Classification is one of the data mining techniques.  Classification based data mining exists as the cornerstone of the machine learning in artificial intelligence (Dhawan, 2014).  The process in the Supervised Classification begins with given sample data, also known as a training set, consists of multiple entries, each with multiple features.  The purpose of this supervised classification is to analyze the sample data and to develop an accurate understanding or model for each class using the attributes present in the data.  This supervised classification is used to classify and label test data.  Thus, the precise purpose of the supervised classification is very critical to analyze the sample data and develop an accurate model for each class using the attributes present in the data.  Figure 1 illustrates the supervised classification technique in data mining as depicted in (Dhawan, 2014).  

Figure 1:  Linear Overview of steps involved in Supervised Classification (Dhawan, 2014)

The conventional techniques employed in the Supervised Classification involves the known algorithms of (1) Bayesian Classification, (2) Naïve Bayesian Classification, (3) Robust Bayesian Classifier, and (4) Decision Tree Learning. 

Various Types of Sampling

A sample of records can be taken for any analysis unless the dataset is driven from a big data infrastructure (Hodeghatta & Nayak, 2016).  A randomization technique should be used, and steps must be taken to ensure that all the members of a population have an equal chance of being selected (Hodeghatta & Nayak, 2016). This method is called probability sampling.  There are various variations on this sampling type:  Random Sampling, Stratified Sampling, and Systematic Sampling (Hodeghatta & Nayak, 2016), cluster, and multi-stage (Saunders, 2011).  In Random Sampling, a sample is picked randomly, and every member has an equal opportunity to be selected. In Stratified Sampling, the population is divided into groups, and data is selected randomly from a group or strata.  In Systematic Sampling, members are selected systematically, for instance, every tenth member of that particular time or event (Hodeghatta & Nayak, 2016).  The most appropriate sampling technique to obtain a representative sample should be implemented based on the research question(s) and the objectives of the research study (Saunders, 2011). 
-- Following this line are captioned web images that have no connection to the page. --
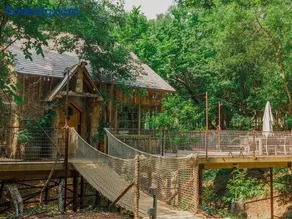 Hobbit Treehouse with waterfall on the Brazos River! 350 acres! Tubing! Petting zoo! - Image 1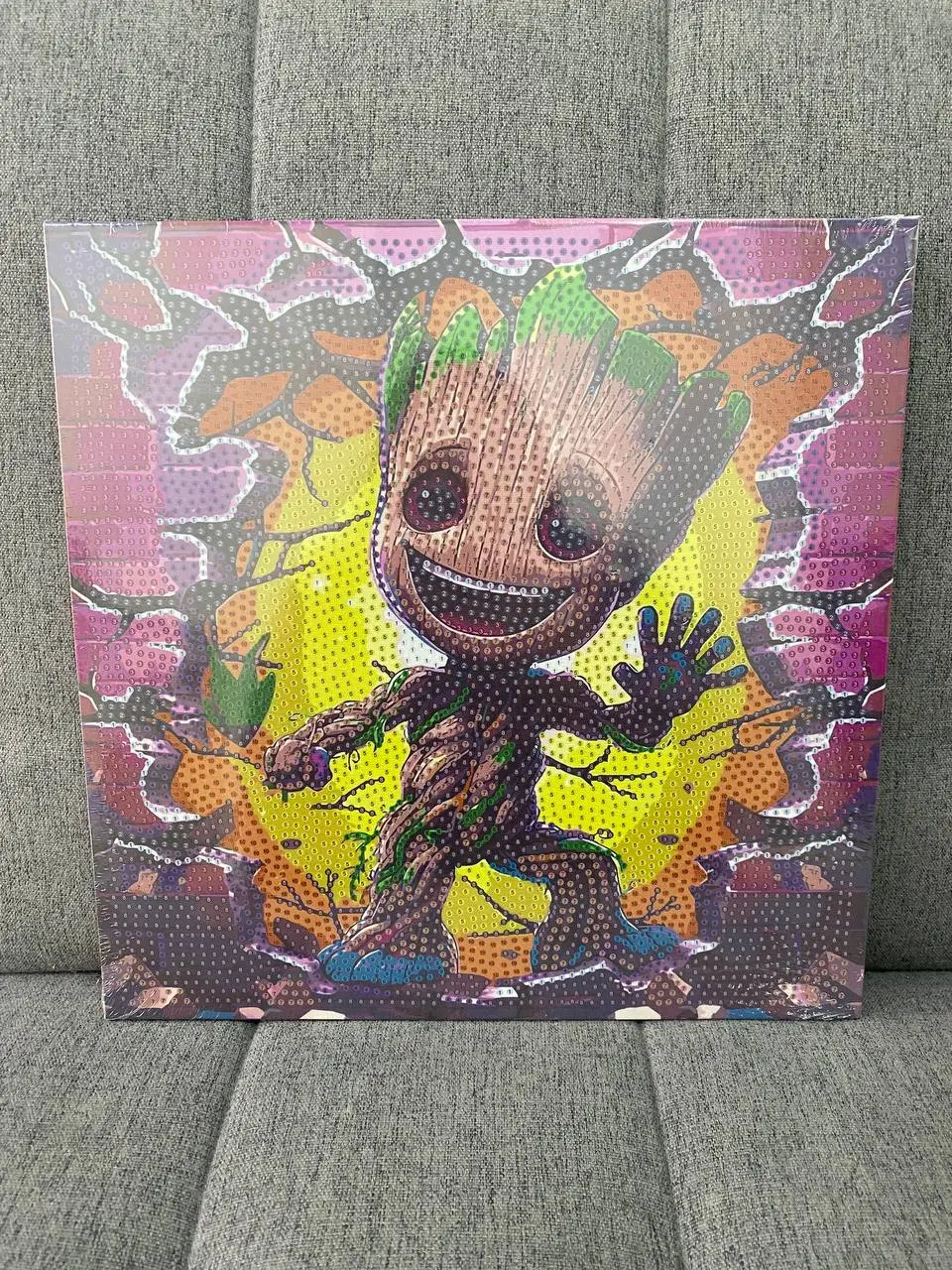 Kit de pintura diamante 3D con diseño de Baby Groot sonriente, fondo amarillo y detalles morados, con textura de cuentas brillantes.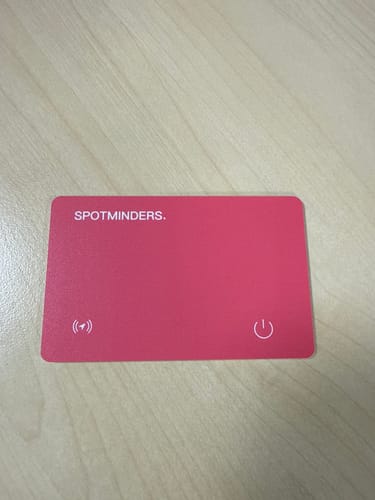 Customer's red SPOTMINDERS. Tracking Card lying flat on a light wood surface.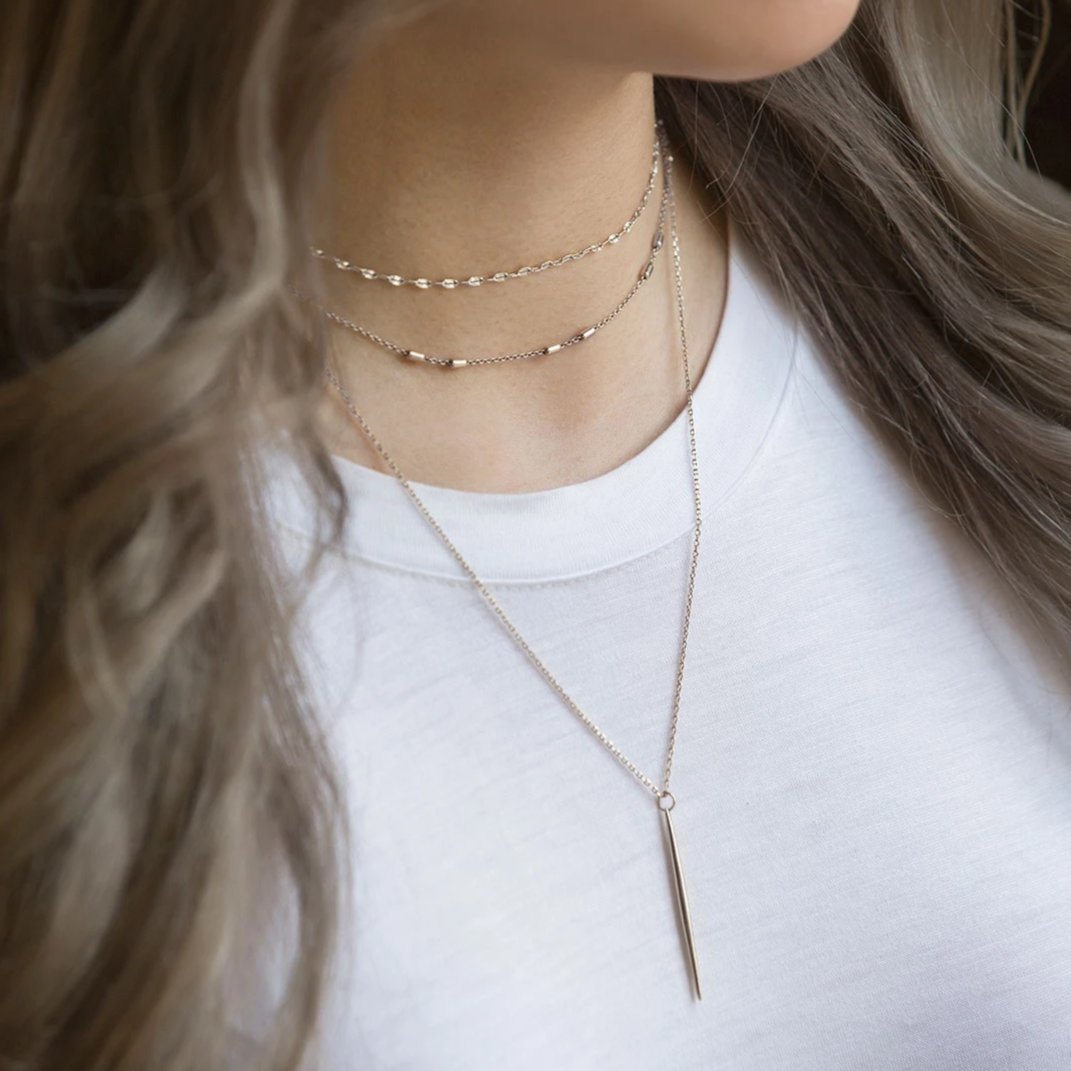 Sterling silver layered necklace with a long slim needle bar pendant, shown on a model's neckline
In summary, supervised learning is comprised of Prediction or Regression, and Classification. In both approaches, a clear understanding of the SL is critical to analyze the sample data and develop an accurate understanding or model for each class using the attributes present in the data.  There are various types of sampling:  random, stratified and systematic.  The most appropriate sampling technique to obtain a representative sample should be implemented based on the research question(s) and the objectives of the research study. 

References

Connolly, T., & Begg, C. (2015). Database Systems: A Practical Approach to Design, Implementation, and Management (6th Edition ed.): Pearson.

Coronel, C., & Morris, S. (2016). Database systems: design, implementation, & management: Cengage Learning.

Dhawan, S. (2014). An Overview of Efficient Data Mining Techniques. Paper presented at the International Journal of Engineering Research and Technology.

Hall, P., Dean, J., Kabul, I. K., & Silva, J. (2014). An Overview of Machine Learning with SAS® Enterprise Miner™. SAS Institute Inc.

Han, J., Pei, J., & Kamber, M. (2011). Data mining: concepts and techniques: Elsevier.

Hodeghatta, U. R., & Nayak, U. (2016). Business Analytics Using R-A Practical Approach: Springer.

Saunders, M. N. (2011). Research methods for business students, 5/e: Pearson Education India.